Luckily, all of these dudes have evolved. Most say that it was a combination of educating themselves and simply maturing that did it. “Open communication goes a long way in helping these issues, too,” Keltner adds. “If you can go to your partner and in a non-shaming way honestly say what the issue is, you can work through it. An open mind helps as well.”
The reality is there are many, many positives to fucking a women who knows what she wants and knows how to give you what you want — something 38-year-old David finally figured out last year with his now ex-girlfriend. “Initially when she’d tell me what she liked, it always made me think of some other guy doing it, which was weird.
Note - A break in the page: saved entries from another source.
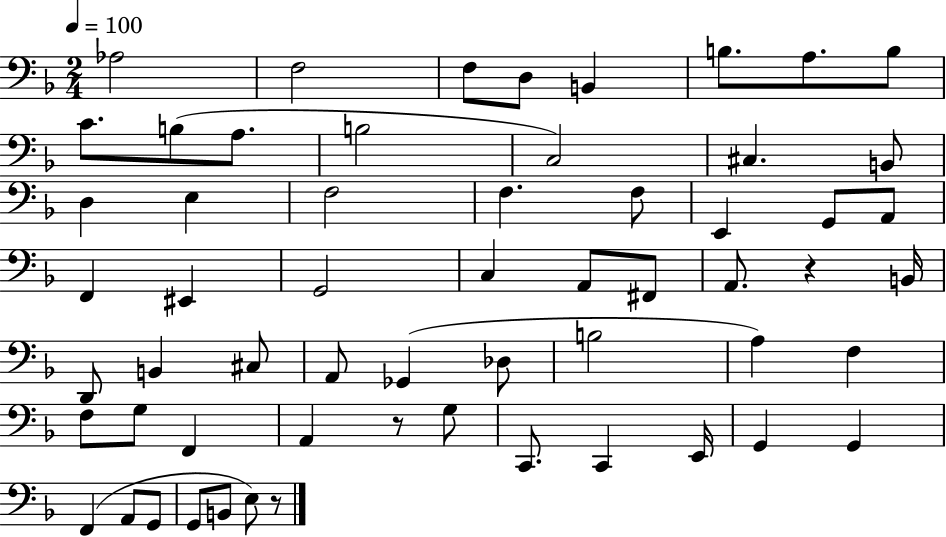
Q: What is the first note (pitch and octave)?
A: Ab3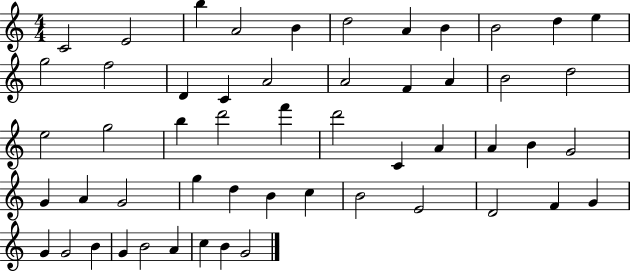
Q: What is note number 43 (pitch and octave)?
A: F4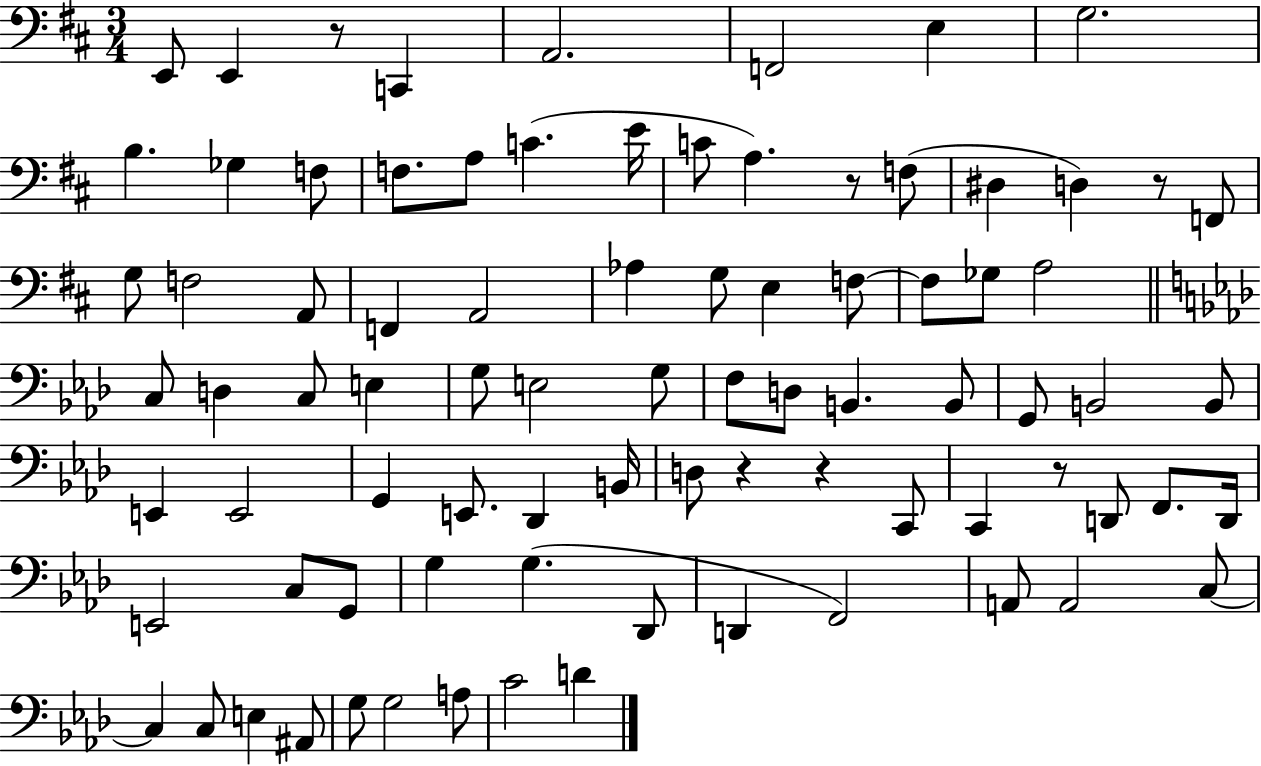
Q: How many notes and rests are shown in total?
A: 84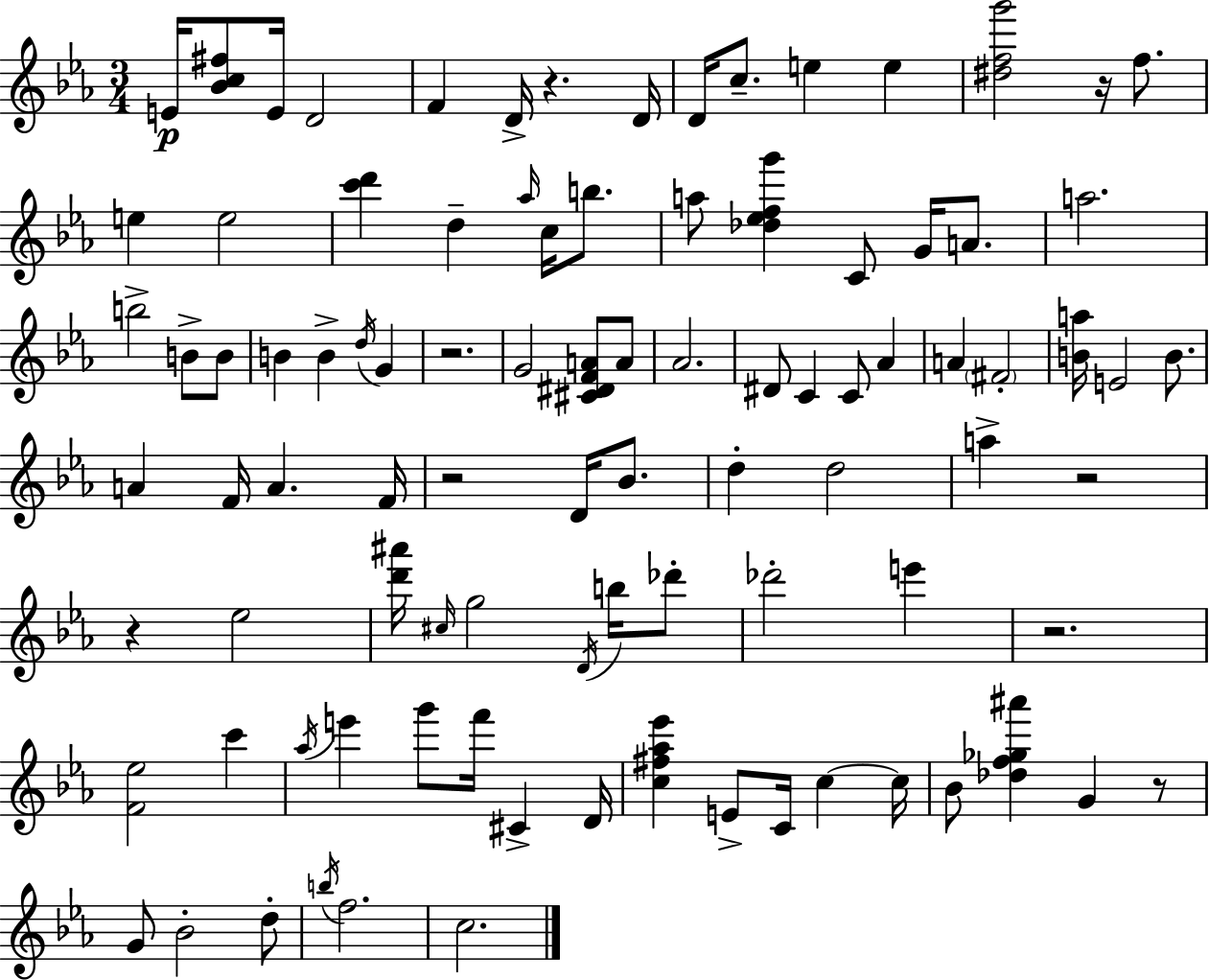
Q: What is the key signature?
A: EES major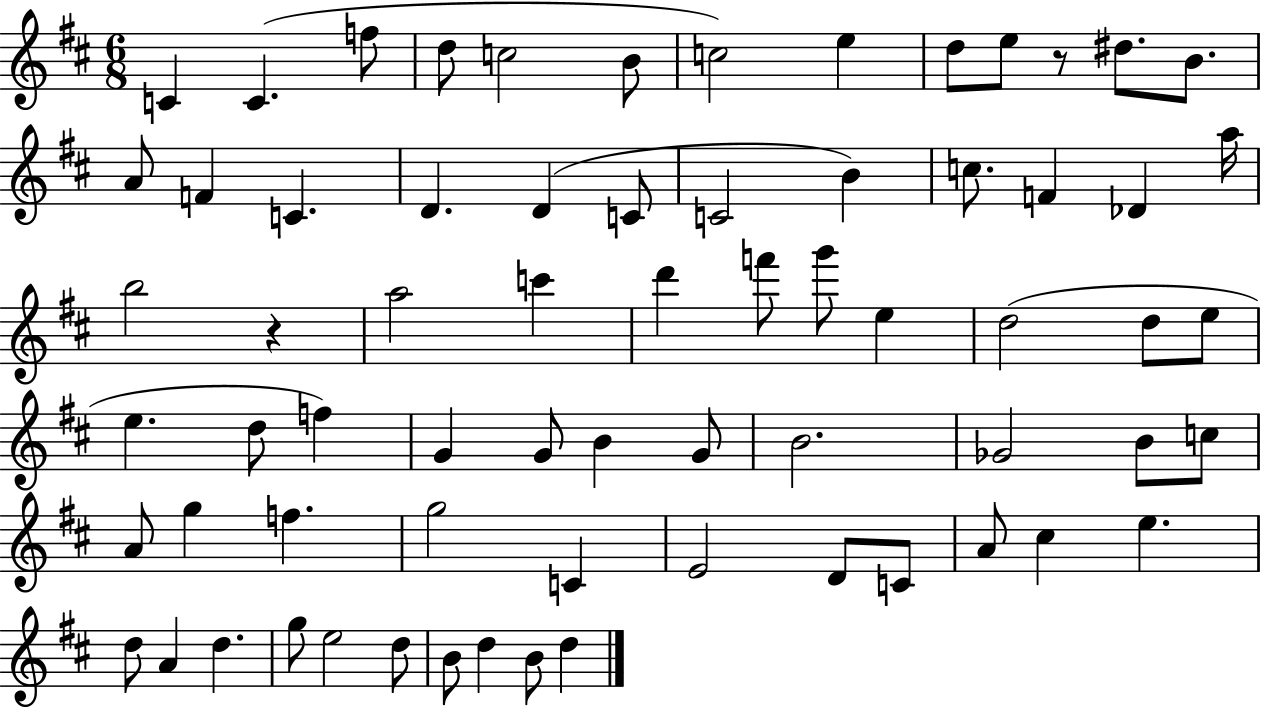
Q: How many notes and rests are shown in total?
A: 68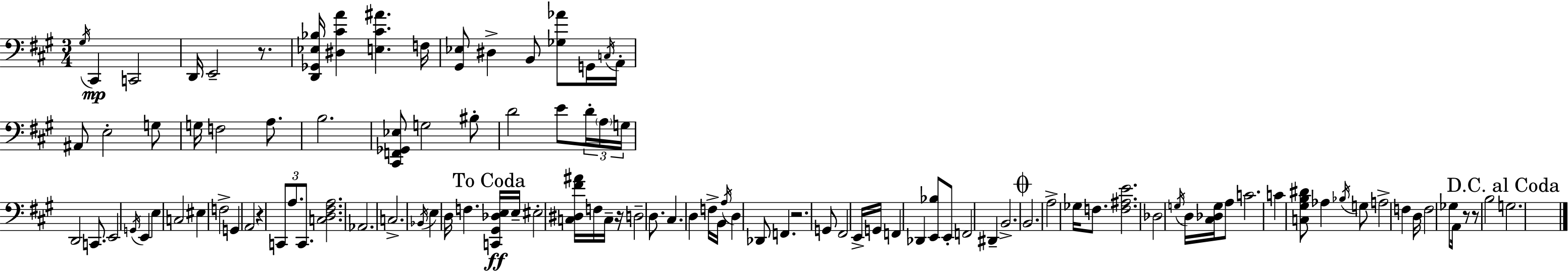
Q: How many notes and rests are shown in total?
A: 109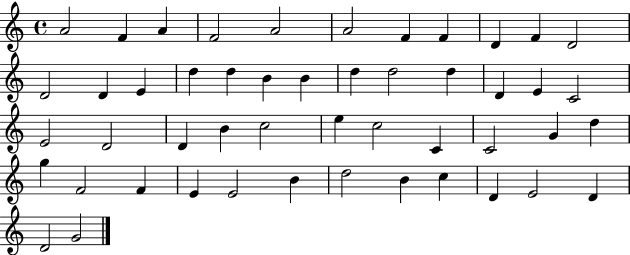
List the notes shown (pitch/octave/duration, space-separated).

A4/h F4/q A4/q F4/h A4/h A4/h F4/q F4/q D4/q F4/q D4/h D4/h D4/q E4/q D5/q D5/q B4/q B4/q D5/q D5/h D5/q D4/q E4/q C4/h E4/h D4/h D4/q B4/q C5/h E5/q C5/h C4/q C4/h G4/q D5/q G5/q F4/h F4/q E4/q E4/h B4/q D5/h B4/q C5/q D4/q E4/h D4/q D4/h G4/h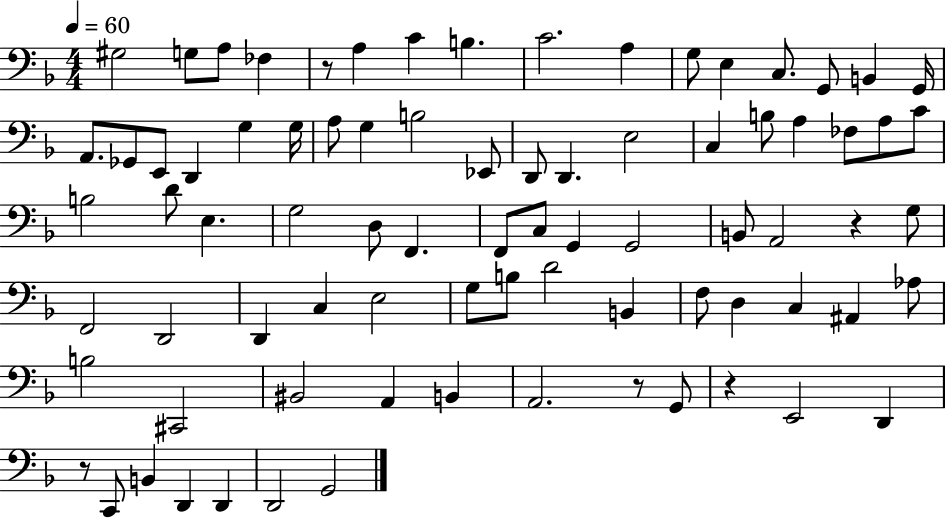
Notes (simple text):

But in the end, I benefited a lot from it because she knew exactly what she wanted and wasn’t afraid to tell me, so the sex ended up being good for both of us.”
Todd, a 47-year-old in Kansas City, found the same thing to be true once he left behind his own religious hang-ups about sex. “I know who I am now and I like myself,” he tells me. “It’s amazing how finding peace within yourself can unlock a bunch of other hang-ups. Now I’m dating a woman who says that she ‘used to be a slut’ — her words, not mine. We have a healthy sex live, and honestly, it’s great because we both know what we like and talk openly about it with each other to help the other person get off, which just draws us closer together.”
Awwww. Sluts finding true love warms my cold, black heart.